Congressman Dave Loebsack, in a telephone interview this morning, said that until recently he wasn’t sure if he would be endorsing any of the presidential candidates.
“Like many Iowans, if not most Iowans who are involved in this process, I take [this decision] very seriously,” he said. “Of course, I’ve been very involved in doing my job as Congressman for the Second District. I wasn’t sure that I was going to endorse, let alone endorse Barack Obama. After thinking about this for a fair amount of time and very seriously, I just decided that I was going to come out for him and do it before the caucuses.”
Rather than basing his endorsement on a single issue or group of issues, Loebsack, who supported former Vermont Gov.

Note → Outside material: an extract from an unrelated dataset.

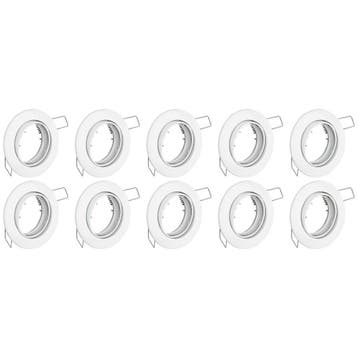 Spot Armatuur 10 Pack - GU10 Fitting - Ø82mm, Ophalen of Verzenden, Nieuw, Overige fittingen, Plafondspot of Wandspot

Howard Dean in 2004, said he considered the candidates as a total package.
“I’m not so concerned about issues as I am as what I see as Barack Obama’s ability to lead this country forward,” he said. “Whatever issue may be on the table, I think Barack Obama is the most qualified to bridge the partisan divide that’s been out there in America and intensified by Pres. [George W.] Bush.
“I’m not going to agree with any candidate on every issue. In many ways, that’s not the point for me. The point is to have a leader that wants to move us in the direction that you and I and, I think, the vast majority of the American people want to see us. He is concerned about the very same things I am, whether it is health care, good jobs or good wages, restoring America’s reputation around the world and, therefore, our effectiveness. The intricacies of how we get there are less important to me than the fact that I think he will be the best person to lead us in that direction.”
Loeback, who campaigned in 2006 on an anti-war and domestic revitalization platform, has met some critics within Iowa’s peace community in terms of the inability of Congress to end the conflict in Iraq. When asked if that factored into his endorsement of Obama, who has campaigned as one of the few candidates who was against the war from the beginning, Loebsack said he believes all of the Democratic candidates will take the necessary steps to end the war.
“All the folks who are running for this office on the Democratic side want us to end the war Iraq and they want us to end our involvement in Iraq sooner rather than later,” he said. “In that sense, I think whomever the Democratic nominee is, that person is going to be far better than the Republican nominee.”
Loebsack is currently serving his first term in the U.S. House of Representatives. He serves on the House Education and Labor Committee and the Armed Services Committee.